Just an example: To make temp 0, we have
a = h0 = 0x67452301
f = (b and c) or ((not b) and d)
= (h1 and h2) or ((not h1) and h3)
= (0xEFCDAB89 & 0x98BADCFE) | (~0x98BADCFE & 0x10325476)
= 0x98badcfe
e = 0xC3D2E1F0
k = 0x5A827999
which gives us w[0] = 0x9fb498b3, etc. This value is then used in the words 16, 19, 22, 24-25, 27-28, 30-79.
Word 1, similarly, is used in words 1, 17, 20, 23, 25-26, 28-29, 31-79.
As you can see, there is a lot of overlap. If you calculate the input value that would give you a 0 result, that value influences at last 32 other input values.
The post by Aaron is incorrect. It is getting hung up on the internals of the SHA1 computation while ignoring what happens at the end of the round function.
Specifically, see the pseudo-code from Wikipedia. At the end of the round, the following computation is done:
h0 = h0 + a
h1 = h1 + b
h2 = h2 + c
h3 = h3 + d
h4 = h4 + e
So an all 0 output can happen if h0 == -a, h1 == -b, h2 == -c, h3 == -d, and h4 == -e going into this last section, where the computations are mod 2^32.
To answer your question: nobody knows whether there exists an input that produces all zero outputs, but cryptographers expect that there are based upon the simple argument provided by daf.
Without any knowledge of SHA-1 internals, I don't see why any particular value should be impossible (unless explicitly stated in the description of the algorithm). An all-zero value is no more or less probable than any other specific value.
Contrary to all of the current answers here, nobody knows that. There's a big difference between a probability estimation and a proof.
But you can safely assume it won't happen. In fact, you can safely assume that just about ANY value won't be the result (assuming it wasn't obtained through some SHA-1-like procedures). You can assume this as long as SHA-1 is secure (it actually isn't anymore, at least theoretically).
People doesn't seem realize just how improbable it is (if all humanity focused all of it's current resources on finding a zero hash by bruteforcing, it would take about xxx... ages of the current universe to crack it).
If you know the function is safe, it's not wrong to assume it won't happen. That may change in the future, so assume some malicious inputs could give that value (e.g. don't erase user's HDD if you find a zero hash).

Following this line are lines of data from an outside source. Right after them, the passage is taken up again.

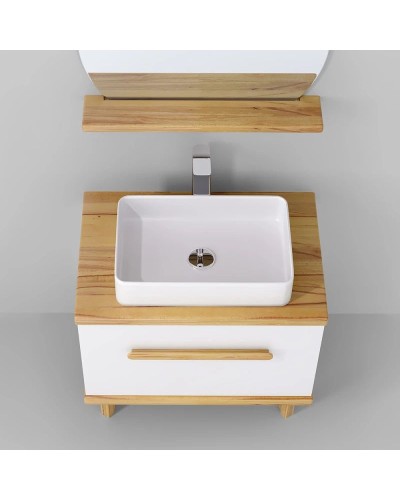 Тумба белый/дуб 80 см Jorno Simply Sim.01.80/P/BuL-W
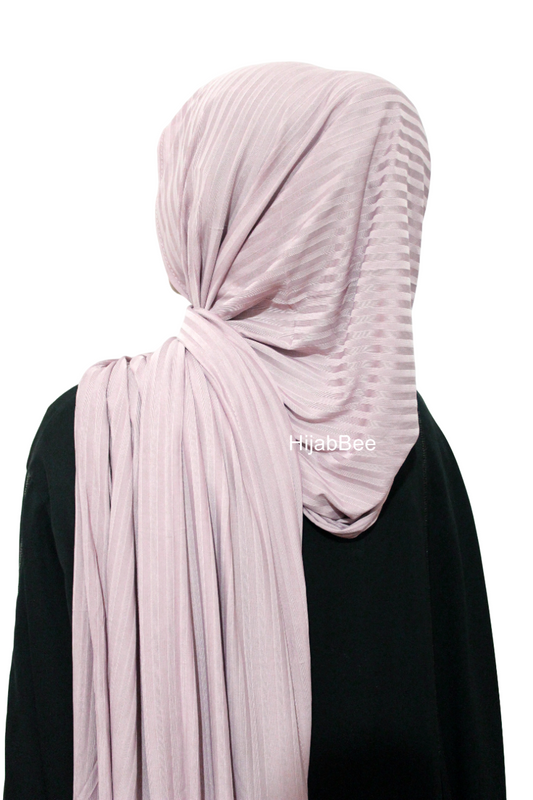 RIBBED JERSEY - NUDE PINK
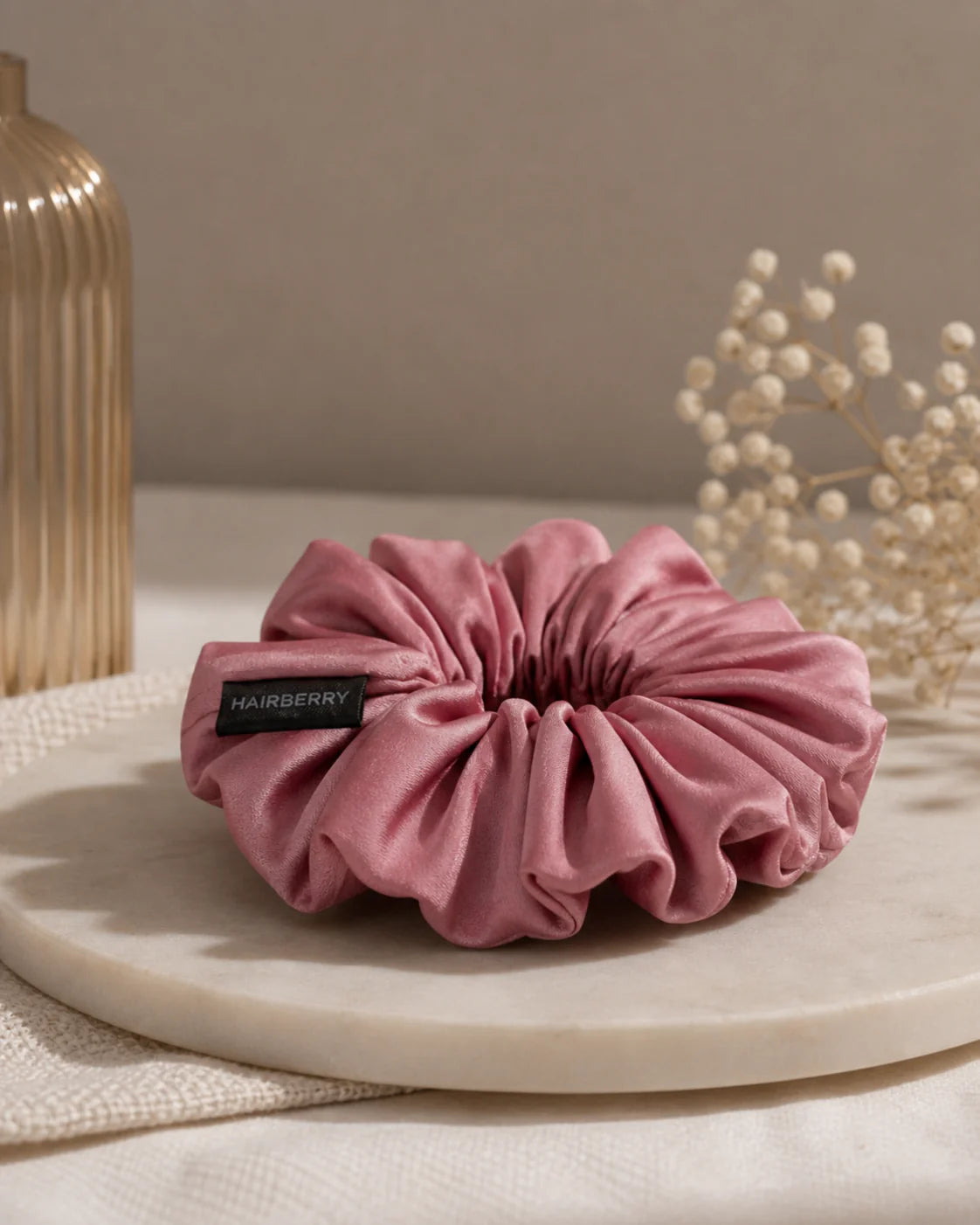 The Signature Satin Scrunchie (Copper Rust, Large)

If anyone still thinks it's not "clean" or something, I can tell you that nothing is guaranteed in the real world, because of quantum mechanics. You assume you can't walk through a solid wall just because of an insanely low probability.
[I'm done with this site... My first answer here, I tried to write a nice answer, but all I see is a bunch of downvoting morons who are wrong and can't even tell the reason why are they doing it. Your community really disappointed me. I'll still use this site, but only passively]
Contrary to all answers here, the answer is simply No.
The hash value always contains bits set to 1.